The truth is that there is very little substance in the lyrics and the look of the band, maybe they were manufactured to create a particular effect. Your brain latches onto a few key words, anarchy, destroy, no future. The song is not an anarchists manifesto, its just a song.
“Welcome to the Machine” however that has substance, real substance. If you don’t want to stay a drone all your life I would keep reading, the path to enlightenment is ahead.
Anarchy as a political system
If you look at the definition of anarchy on Wikipedia it quotes:
“Anarchy refers to a society, entity, group of persons or single person without recognition of authority”
This sounds terrible, but this is based on our conditioning that no recognition of authority is in fact the essence of chaos.
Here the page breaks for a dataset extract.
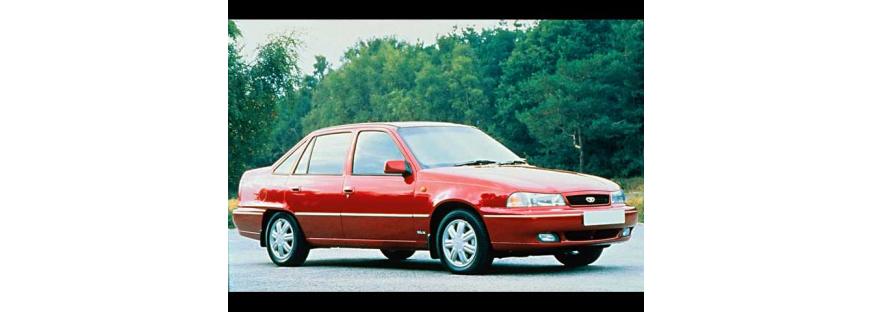 DAEWOO NEXIA 95-08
Pierre-Jospeh Proudhon a French philosopher politician in the 19th century and the person regarded as the father of Anarchy advocated stateless societies based on voluntary associations.
The reason why he advocated this is quite nicely described by Rudolph Rocker in his book Anarcho-Syndicalism (1938) he wrote:
“For the anarchist, freedom is not an abstract philosophical concept but is the vital concrete possibility for every human being to bring to full development all the powers, capabilities, and talents, with which nature has endowed him and turn them to social account. The less this natural development of man is influenced by ecclesiastical or political guardianship, the more harmonious will human personality become, the more will it become the measure of the intellectual future of the society in which it has grown”.
Karl Marx whilst not speaking directly on anarchism defined a requirement for a worker to be fully connected and involved in their work in order to express full potential.
Thats not a nihilistic attitude, no mention of getting pissed and destruction. In fact it’s a positive statement about unlocking hidden potential.
For over 150 years we have recognised that in order for humans to display true potential we must allow them to express their human nature to think and to act of their own free will.
For goodness sake this is heavier than lead, why don’t you keep your communist rubbish to yourself. Jumping to conclusions are we, I quote Marx and all of a sudden I am a communist? Anarchy is all about a stateless system controlled by group agenda not a bureaucratic system intent on protecting the ideals of the few.
You set the agenda because you are the one who knows best, now stop annoying me and read on.
Anarchy is good, you need Anarchy
Lets look at how real companies are using anarchist principles to run their every day capitalist businesses.
In their book Lean Software Development, Mary and Tom Poppendieck discuss the case study of an organisation which has achieved great success by following this method of engagement and connection. A company which encourages passion and worker satisfaction. Not a startup, in fact it is 3M, after 80 years it is still selling the same vision set out by William McKnight in the 1930s.
- “Hire good people and leave them alone”
- “If you put fences around people you get sheep. Give people the room they need”
- “Encourage don’t nitpick. Let people run with an idea”
- “Give it a try and quick”
McKnight invented “an organisation that continually evolves from the creativity and initiative of individual employees rather than from the strategic planning of managers”.
So these stateless organisations are based on voluntary associations? Yes, Anarchy.
In fact this is exactly the behaviour of the self organising teams found in many companies. If you want a great product you need motivated people, if you want motivation then people need a feeling of belonging, safety, competence and progress. If you want to achieve this you need an anarchic stateless environment where instead of planning, organising and controlling you lead by setting direction, aligning people to tasks and enabling motivation.
What if your company advertised your role like this?
“A fearless adventure in knowing what to do when no one’s there telling you what to do”
Thats what I want, where do I apply? The statement is taken from the software company Valve’s handbook for new employees, they embody many of the good principles we have discussed and many that we will look at in closer detail in the next part. It sounds good though doesn’t it, nobody telling you what to do, thinking for yourself, using your intelligence and experience.
We don’t all need to work for Valve to embody their methodology it’s there for the taking you just need to “Give it a try and quick”.
As John Kotter wrote: “No one has yet figured out how to manage people effectively into battle; they must be led”
I am going to take a closer look at Programmer Anarchy. Until then you have nothing to fear, if we work as a team the machine is already beaten.